# Robbie J's R35 GTR Gets Detailed!



## Alex Creasey (Jun 5, 2002)

Today we had the honour of working on Robbies new GTR in the awesome DMG (Gunmetal) colour… Removing a few hairline scratches and doing a protection detail.
The weather wasn’t playing ball so we found cover under some adjacent offices and got to work, first removing the hairline scratches on the roof, bonnet and front wings. (Thanks to Robbie for wielding the camera!!!). We used the Porter Cables with SP 80mm Orange Light Cut Pads and Prima CUT to work on the main marks, and then a refining pass afterwards with a Red SP Finishing Pads using Meguiars Speed Glaze…


















































Once we’d removed all the marks the car was cleansed using SP Paint Cleanser and finally a coat of SP Polymer Super Sealant was applied and left to cure for 20 mins while we polished off our sarnies (no pun intended ).
The sealant was then removed using Poorboys Deluxe Mega Towels and even the sun came out for a few finishing pics…
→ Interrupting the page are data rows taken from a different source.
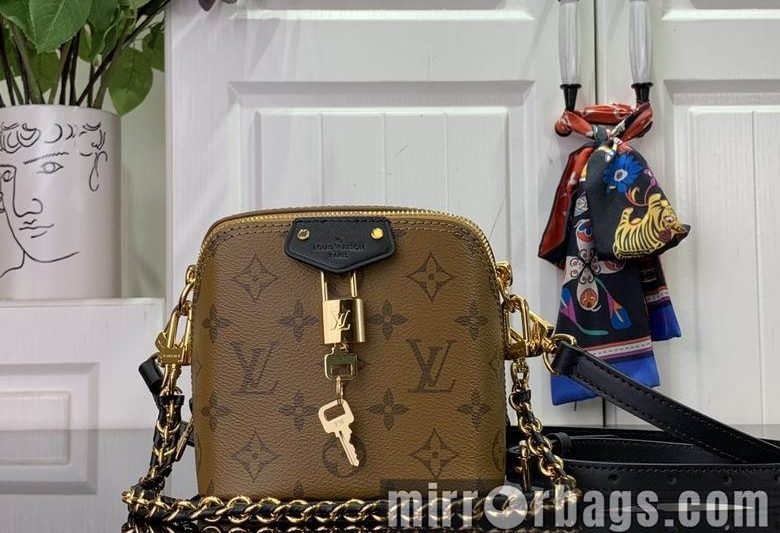 LV Replica Bags M47162 13X14X11.5cm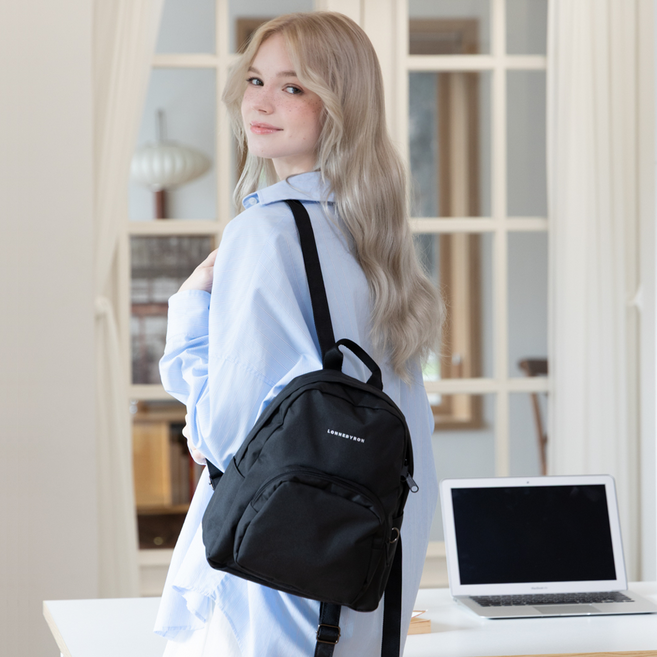 [정품 도난방지 RFID] 야키백팩 S / Yaki Backpack S 여성 미니백팩 여권가방 유럽여행가방 해외여행 1인용 여행가방 도난방지가방 카라비너 휴양지 아이패드가방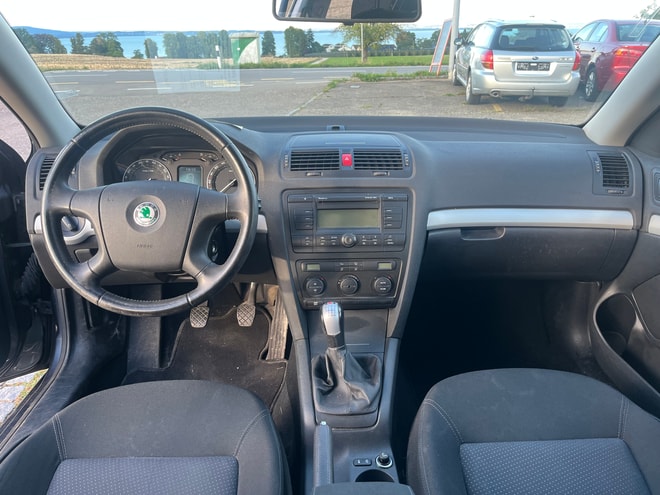 SKODA Octavia 2.0 FSI Swiss Adventure 4x4-image-9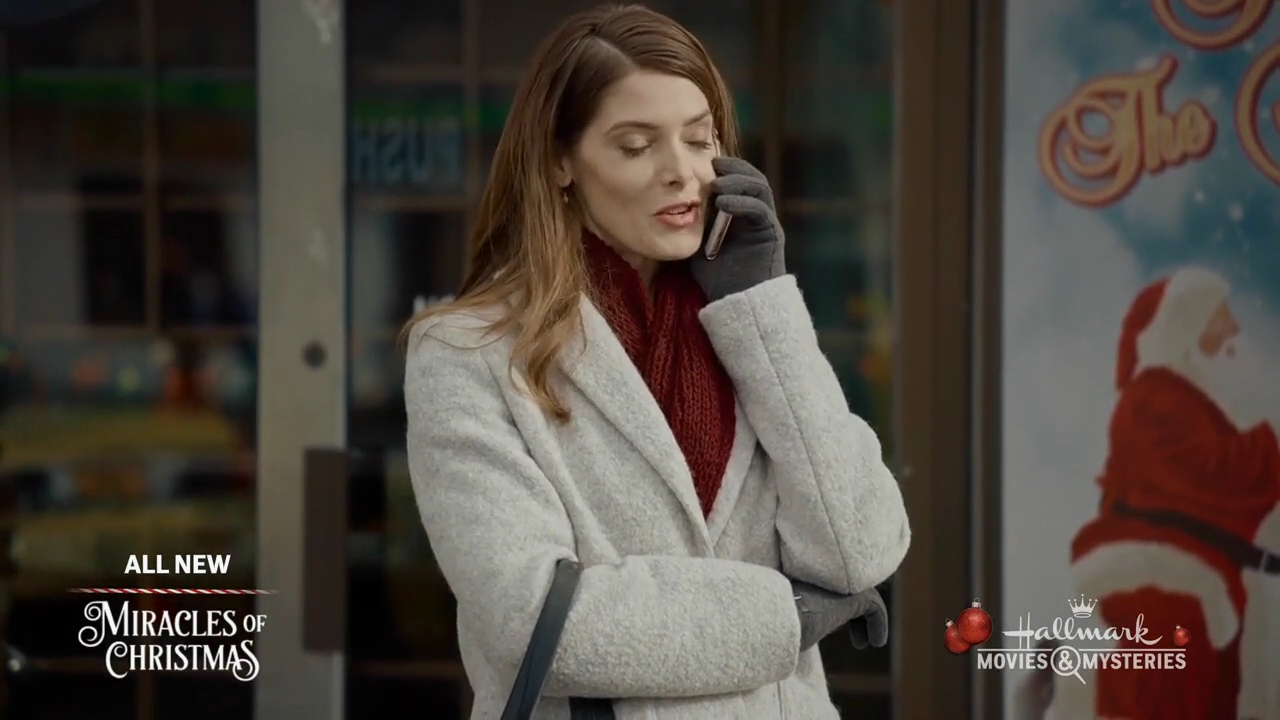 Ashley-Greene-dot-nl_ALittleChristmasCharm3732.jpg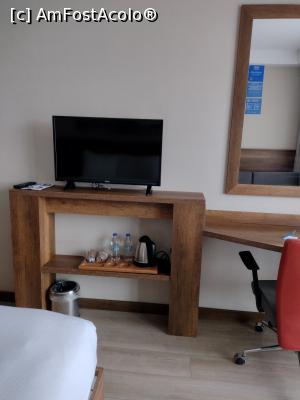 [P05] Camera Hilton Gelibolu » foto by michaela_1961
 - 
<span class="allrVoted glyphicon glyphicon-heart hidden" id="av1318259"></span>
<a class="m-l-10 hidden" id="sv1318259" onclick="voting_Foto_DelVot(,1318259,25429)" role="button">șterge vot <span class="glyphicon glyphicon-remove"></span></a>
<a id="v91318259" class=" c-red"  onclick="voting_Foto_SetVot(1318259)" role="button"><span class="glyphicon glyphicon-heart-empty"></span> <b>LIKE</b> = Votează poza</a> <img class="hidden"  id="f1318259W9" src="/imagini/loader.gif" border="0" /><span class="AjErrMes hidden" id="e1318259ErM"></span>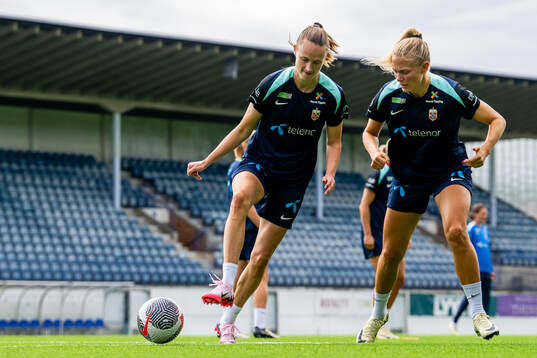 Caroline Graham Hansen and Guro Bergsvand of the Norwegian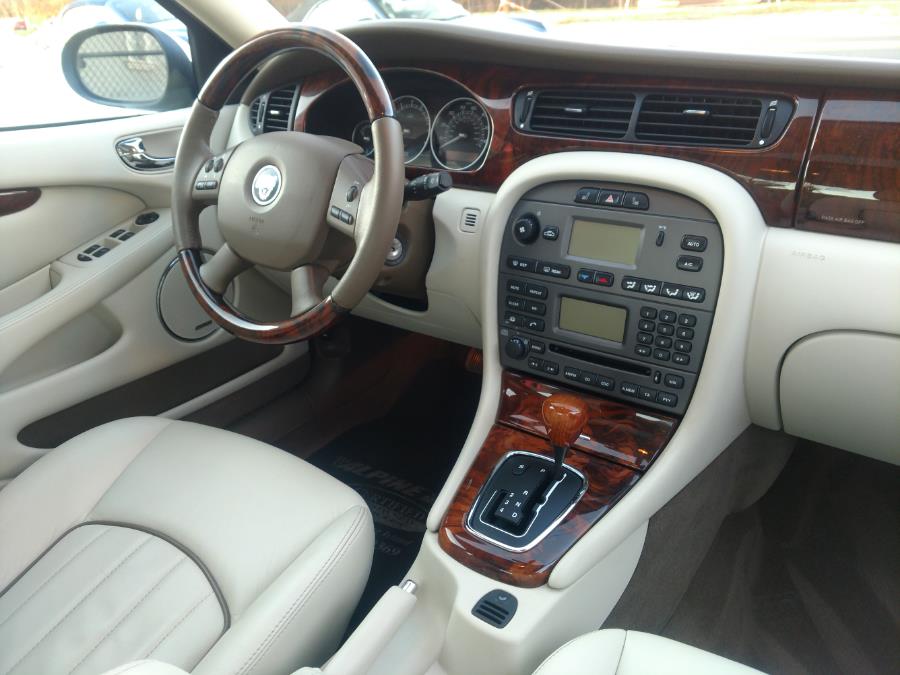 Used Jaguar X-TYPE 4dr Sdn 3.0L VDP 2006 | Alpine Motors Inc. Wantagh, New York Used Jaguar X-TYPE 4dr Sdn 3.0L VDP 2006 | Alpine Motors Inc. Wantagh, New York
Unsurprisingly, the heavens then opened…


































A truly awesome car… I need to get saving!!!

Thanks for looking.
Alex :thumbsup: .


----------



## Kadir (Mar 23, 2008)

Stunning.. That really is a lovely colour.. Lucky guys!!


----------



## Jeff RB26 (Nov 5, 2007)

lovely car & Nice color.

Lucky man


----------



## Lamb (Sep 25, 2003)

Another cracking job......well done guys :thumbsup: 

Robbie.....cars looks spot on in that colour. :bowdown1:


----------



## Robbie J (Jan 8, 2005)

you can see the difference in the shine after Alex did his magic and the car is new. shows the "5 year coat" is not as good as Alex's stuff.

R


----------



## Bandit (Jul 2, 2004)

Cracking results there Alex. :thumbsup: 

Robbie you lucky, lucky, lucky, lucky git. Stunning motor and in one of my favourite colours. :thumbsup: 


EDIT. 

Alex, what torch did you use to spot the paint corrections??


Cheers


Steve


----------



## m6beg (Apr 21, 2003)

Awesome:thumbsup: :thumbsup: :thumbsup: :thumbsup: :thumbsup: 

Mick


----------



## Alex Creasey (Jun 5, 2002)

Cheers chaps .

Steve - torch is a 1W Rolson.. Only about 7 quid but work very well.


----------



## Smokey 1 (Nov 1, 2005)

I cant believe you never wore the pinnies  



Great job Alex and Rob.:clap: 


Robbie a great looking car mate, they go quite well. RC's managed a 1:37 around Oulton Park at the weekend just ten secs slower than the BTCC lap record not bad for a stock car :bowdown1: 





Smokey :smokin:


----------



## Robbie J (Jan 8, 2005)

still running in, oil change on Thursday. Silverstone on Friday now but taking it easy....


----------



## OllieMeff (May 30, 2008)

Robbie J said:


> still running in, oil change on Thursday. Silverstone on Friday now but taking it easy....


Looks fantastic Robbie, I'm proper jealous!!

I would say pop in to us in Oxford to say high on the way to/from Silverstone (we're only just off the M40) but I won't see it, cos I'm at Goodwood!! Argh! Glad you managed to get the oil change booked!

Ollie


----------